Asks for RPA providers to join new panel.

The Victorian Environment department is planning to use drones to help it control bushfires and manage feral animals and protected species.

The agency has asked providers of remotely piloted aircraft (RPAs) to put forward bids to become part of a new panel of drone suppliers.

It is considering using drones in a number of areas including planned burns, animal welfare, wildlife surveys, compliance, and road and bridge management, according to tender documents.

Specifically, drones could help provide the department live detail on fire conditions, accurate localised weather information, assessments on hazardous trees, and potential reignition sites, it said.

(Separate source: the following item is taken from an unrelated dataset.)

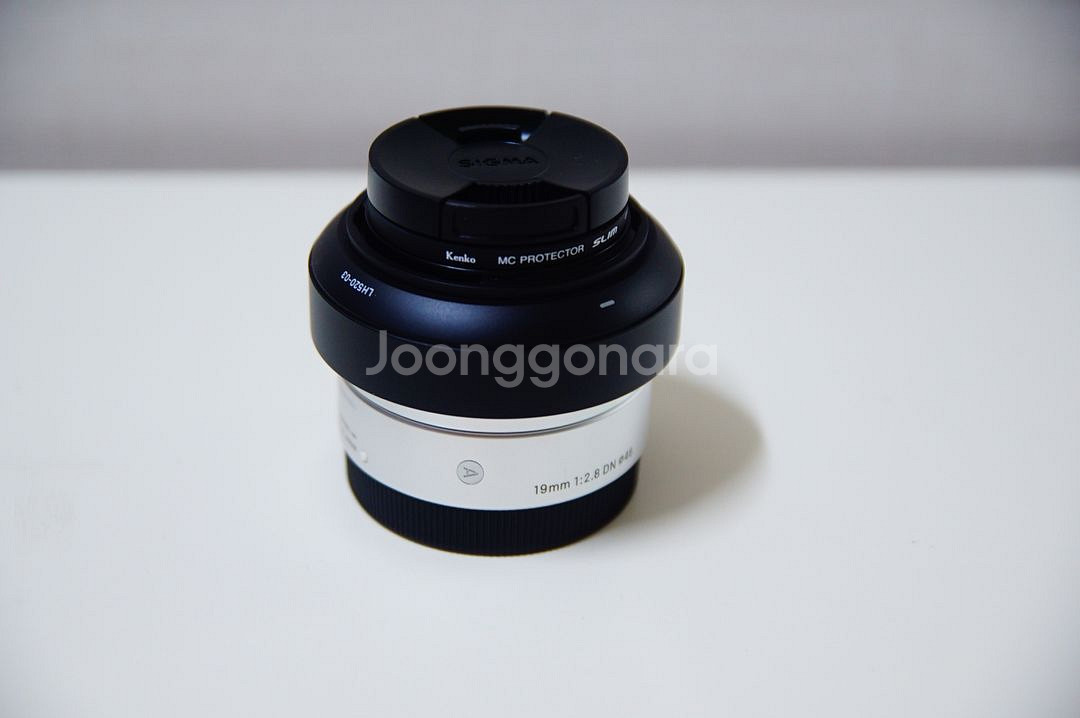 [소니용] 시그마 19mm f2.8 단렌즈팝니다.--1
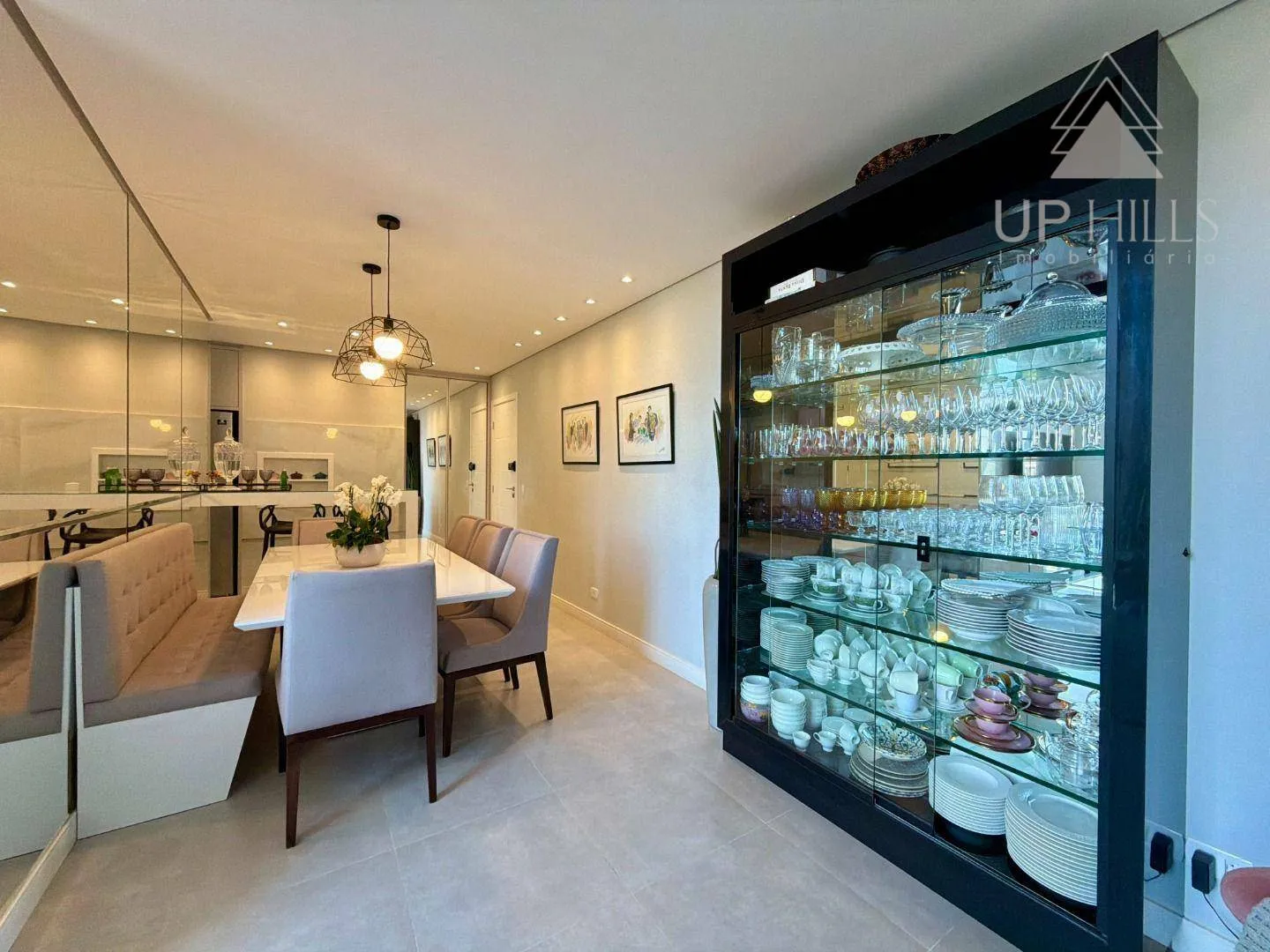 Apartment on the 4th floor with floor-to-ceiling windows — photo 47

"Improving “eye in the sky” video/thermal imagery capability will assist DELWP to deliver more
effective and safer burn sites," the department wrote.

"There is also potential to expand the usage of RPAs to utilise the cost effectiveness of these systems to deliver detailed imagery used in the assessment of the hazards applicable on the roads managed by DELWP as well as providing specific data on individual hazardous trees or animal review in remote areas."

Planned burns are undertaken to reduce the level of fuels in forests and other areas. 

The department envisages that prior to a burn being undertaken, drones could help collect information on vegetation and the terrain to aid with planning for lighting.

During the burn, the department said drones could provide a live video feed of the activity to the operations centre to monitor personnel and progress of the burn.

The aircraft could also collect data on temperature, wind direction, and humidity to help aid decision making.

Once a planned burn is complete, drones could be used to assess the area for hot spots, providing a live feed and thermal imaging, the department said.

Vic Environment plans to award a closed panel of suppliers for a period of one year, with the potential for two one-year extensions.

It expects it will need drones that can fly continuously for four hours.

However, it noted that the panel was the first step in figuring out whether drones would be appropriate for the department's requirements.

"Procurement, operational and equipment requirements must also be considered," the department wrote.

"Once in operation the intention is for users of the panel to be surveyed to evaluate the performance of RPAs in live issue management and delivery of benefits for DELWP."

The South Australian government last year commenced a $375,000 trial of drones to help reduce the impact of wild dogs and pests in agricultural areas. 

The pilot - which is being run in conjunction with the University of Adelaide - will wrap up in July this year, after which the government will decide whether to roll out the technology more widely.

Drones are increasingly seen as a cost-effective way to monitor issues in the agricultural sector, such as weed infestations and pests.

Queensland’s Department of Natural Resources and Mines has tested whether Yamaha RMAX drones coupled with satellite imagery could help tackle high-density weed infestations in 2013.

The CSIRO has also used the technology to try to control the "purple plague" in partnership with the Queensland University of Technology.